Im Parlament, das Anfang Dezember über den Austrittsvertrag abstimmen soll, scheint eine Mehrheit nicht in Sicht. Denn erheblichen Widerstand gibt es sowohl in Mays konservativer Partei als auch bei ihrem Partner im Parlament, der nordirischen DUP. Mays Torys verfügen seit den Wahlen im Vorjahr über keine eigene absolute Mehrheit mehr und stützen sich bei wichtigen Abstimmungen auf die DUP. Letztlich steht damit Mays Schicksal als Premierministerin auf dem Spiel.

Kurz optimistisch in London

Auch Bundeskanzler Sebastian Kurz (ÖVP) räumte am Donnerstag ein, dass der Ausgang der Abstimmung im britischen Parlament „noch vollkommen offen“ sei. Kurz war als derzeitiger Ratsvorsitzender nach London gereist, um May „den Rücken zu stärken“ und sich ein „realistisches Bild“ von den Chancen zur Annahme des Austrittsvertrags durch das Unterhaus in London zu machen.

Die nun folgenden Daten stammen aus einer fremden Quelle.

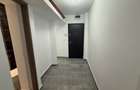 Apartament 2 camere de vanzare | Parter | 48 mp utili | Centru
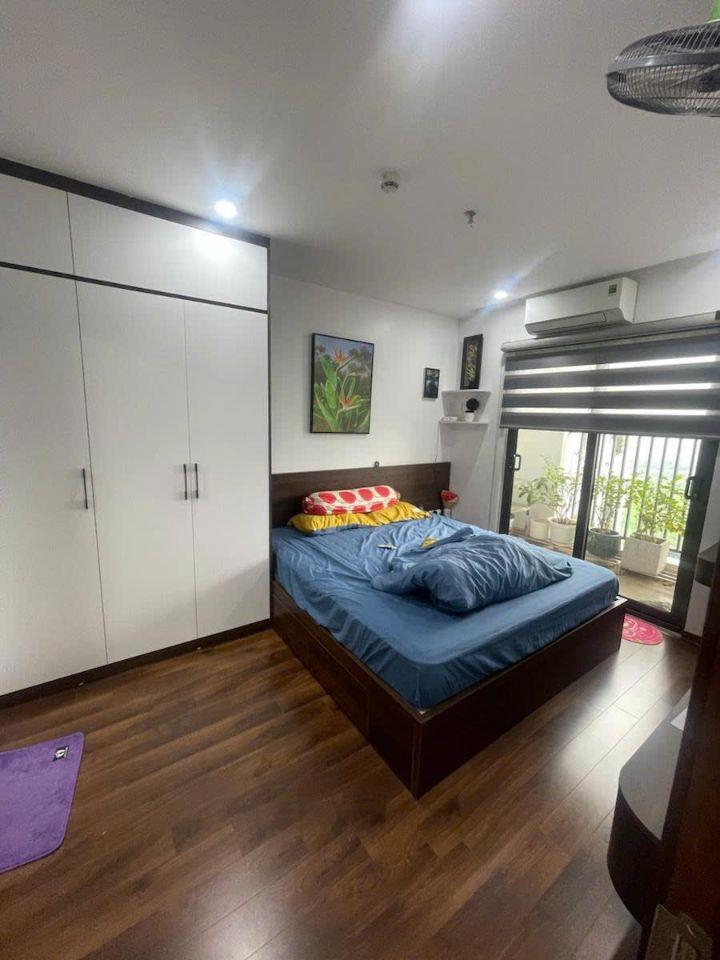 BÁN NHÀ MẶT PHỐ ĐẶNG DUNG | LÔ GÓC HIẾM NHÀ BÁN | 34M² | 6 TẦNG | GIÁ 39 TỶ– BA ĐÌNH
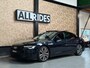 Audi A6 Limousine 55 TFSI e quattro Competition | Pano | Stuur/Stoel verwarming | 360 Camera | S line | Sfeerverlichting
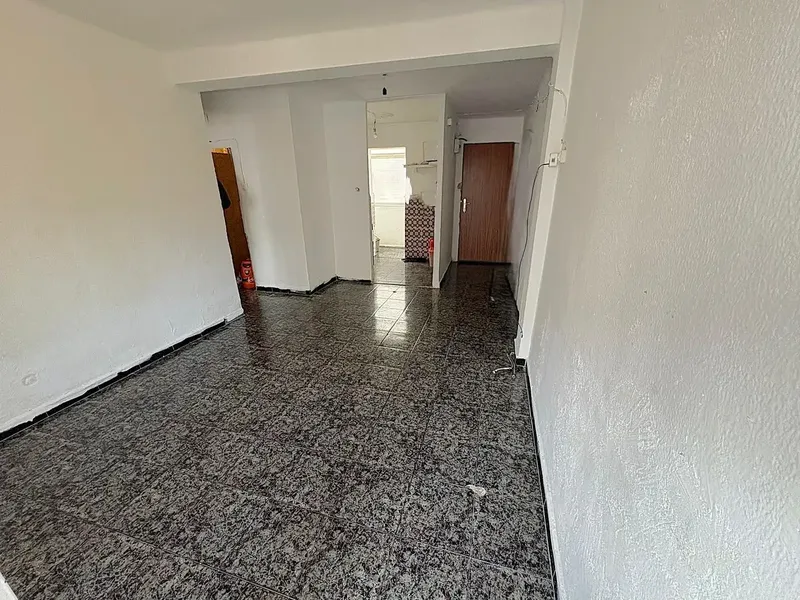 Second floor without elevator to renovate in Son Gotleu — photo 5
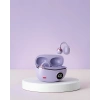 Klipsli Açık Kulaklık YXG10 - APTX Ses, Ergonomik Yapı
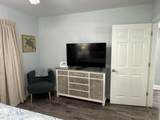 14701 Front Beach Road - Photo 23
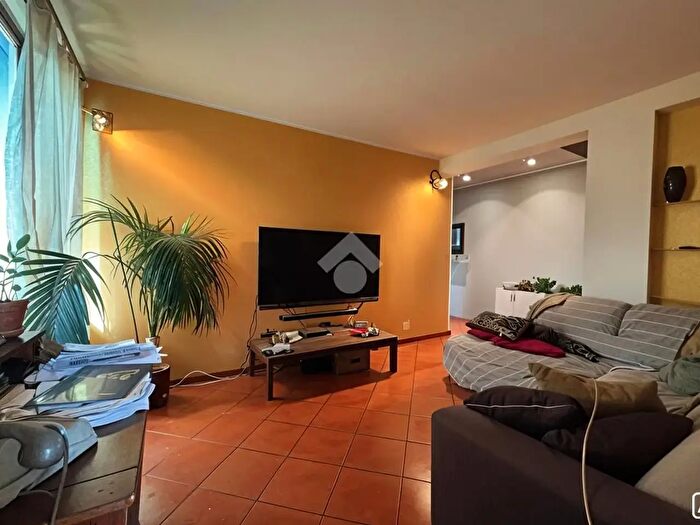 Appartamento bilocale in vendita in Via S Bernardino, Bergamo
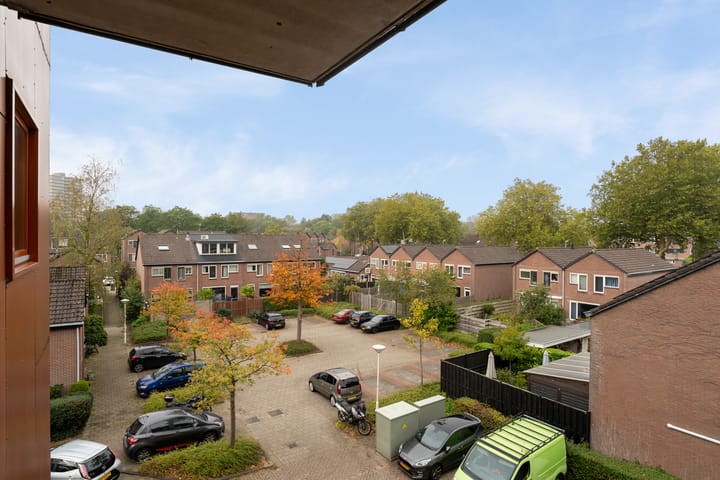 Foto 35 van Dadelgaarde 11-D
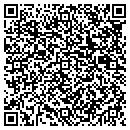 QR code with Spectrum Property Tax Advisors contacts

Großbritanniens Premierministerin Theresa May und österreichs Bundeskanzler Sebastian Kurz in London
AP/Kirsty Wigglesworth
Ratsvorsitzender Kurz traf am Donnerstag auf Premierministerin May

Dennoch zeigte sich Kurz nach dem Treffen mit May „sehr optimistisch“, auch hinsichtlich einer Lösung in der Gibraltar-Frage. Es gebe „gute Gesprächskanäle in dieser Frage, und insofern hoffe ich sehr, dass es gelingt, bis Sonntag auch diese Frage noch auszuräumen“. Bei allem Verständnis für die Interessen einzelner EU-Mitgliedstaaten sei es „schon wichtig, festzuhalten, dass wir am Ende des Tages als Europäische Union geschlossen agieren müssen, und ich hoffe sehr, dass das auch gelingt, bin da aber sehr optimistisch“, fügte Kurz hinzu.